Captioned web image data:
══════════════════════════════
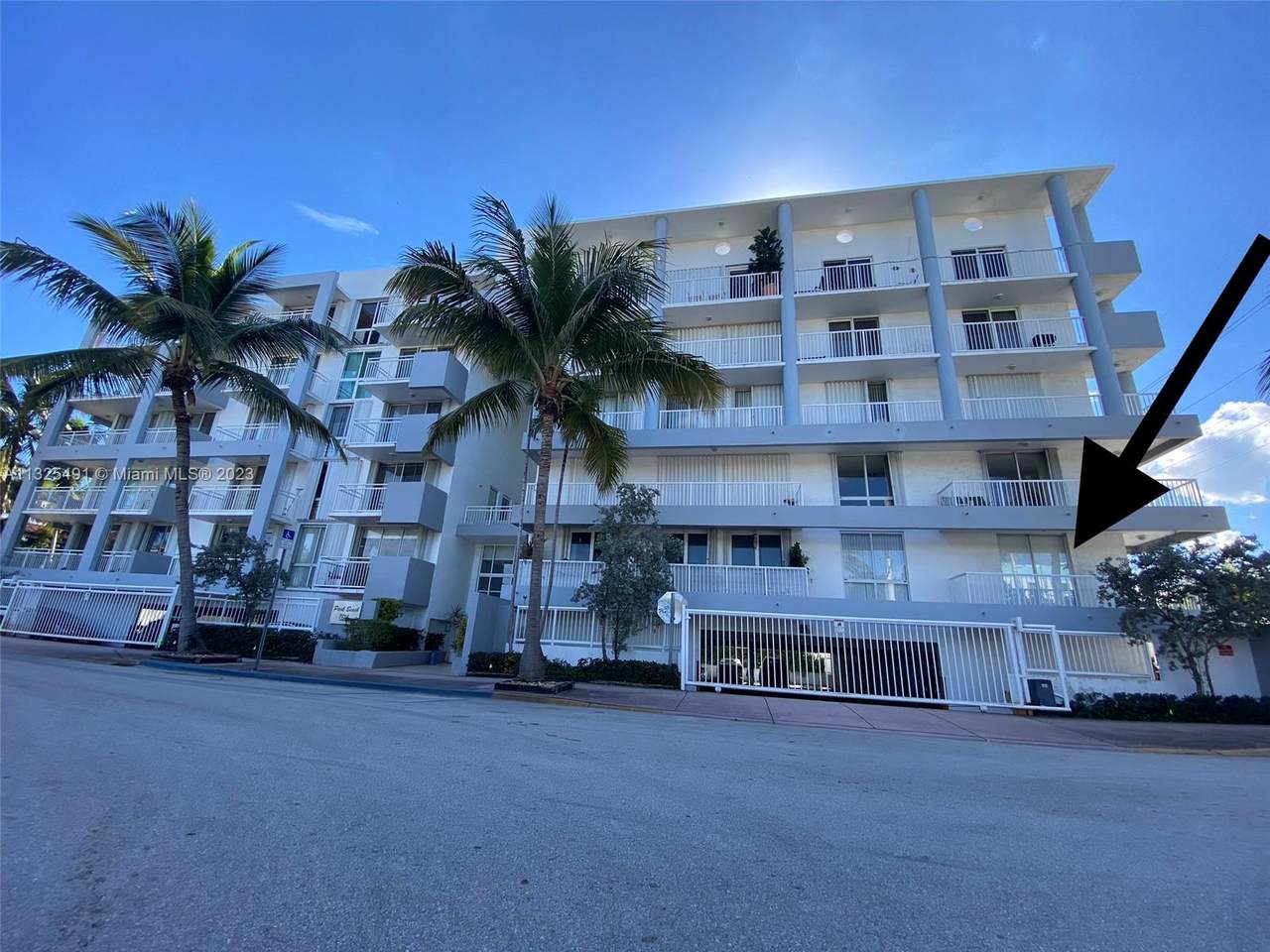7832 Collins Ave - Photo 1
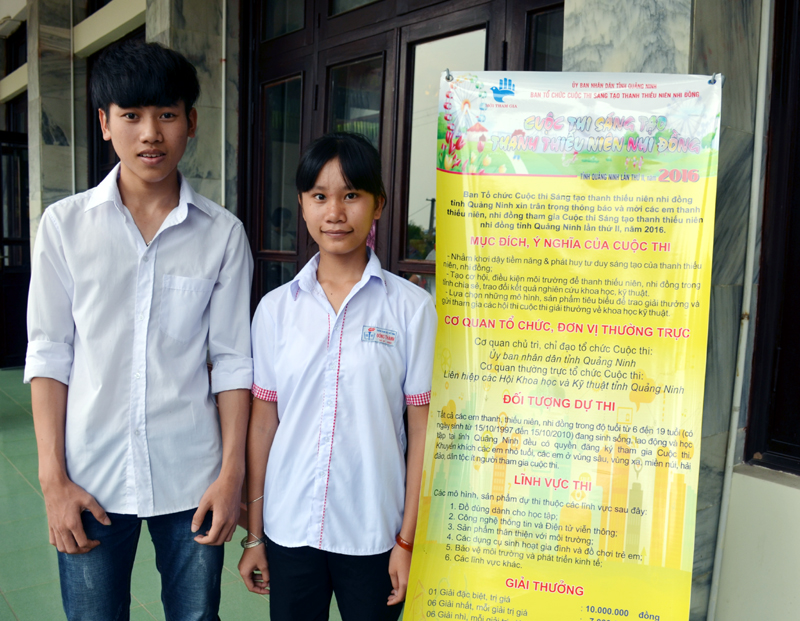 Đôi bạn Nguyễn Thị Hoài Linh, Đinh Đức Dương đoạt giải khuyến khích tại cuộc thi sáng tạo dành cho thanh thiếu niên, nhi đồng toàn quốc lần thứ 12 (2015-2016) với sản phẩm “Gia công bột điệp và tạo tấm ép trang trí từ bột điệp”.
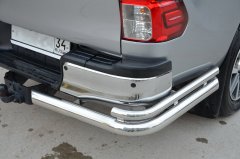 Тюнинг внедорожника Защита заднего бампера Toyota Hilux Exclusive Black 2018
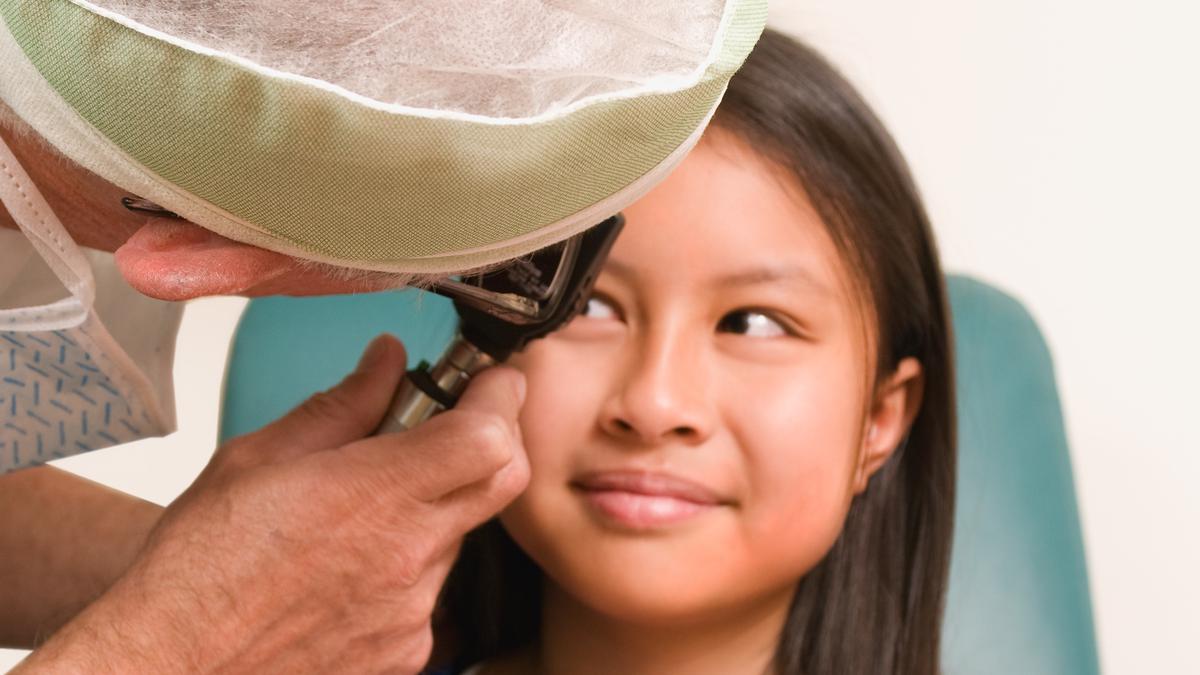 Mahasiswa Filipina Perdalam Ilmu Optometri di Klinik Low Visi Pertama Indonesia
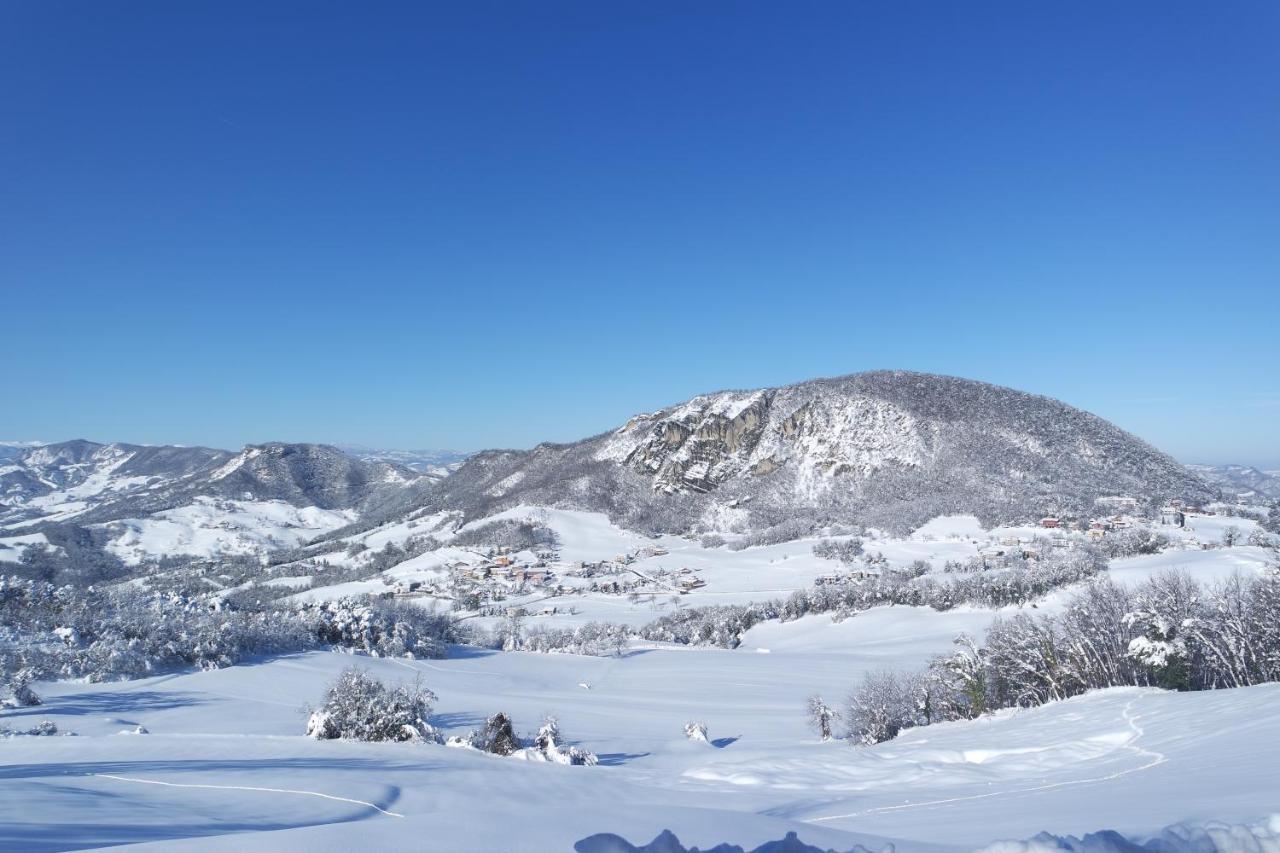 Bed and Breakfast Casale Monte Valestra Bebbio Zewnętrze zdjęcie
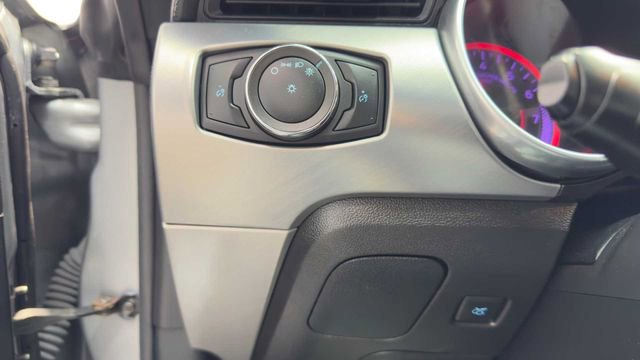 Used 2022 Ford Mustang Premium RWD image 28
══════════════════════════════
## Description of the task
Take the data above and repeat it exactly, leaving each picture out.

## Task solution
7832 Collins Ave - Photo 1
 Đôi bạn Nguyễn Thị Hoài Linh, Đinh Đức Dương đoạt giải khuyến khích tại cuộc thi sáng tạo dành cho thanh thiếu niên, nhi đồng toàn quốc lần thứ 12 (2015-2016) với sản phẩm “Gia công bột điệp và tạo tấm ép trang trí từ bột điệp”.
 Тюнинг внедорожника Защита заднего бампера Toyota Hilux Exclusive Black 2018
 Mahasiswa Filipina Perdalam Ilmu Optometri di Klinik Low Visi Pertama Indonesia
 Bed and Breakfast Casale Monte Valestra Bebbio Zewnętrze zdjęcie
 Used 2022 Ford Mustang Premium RWD image 28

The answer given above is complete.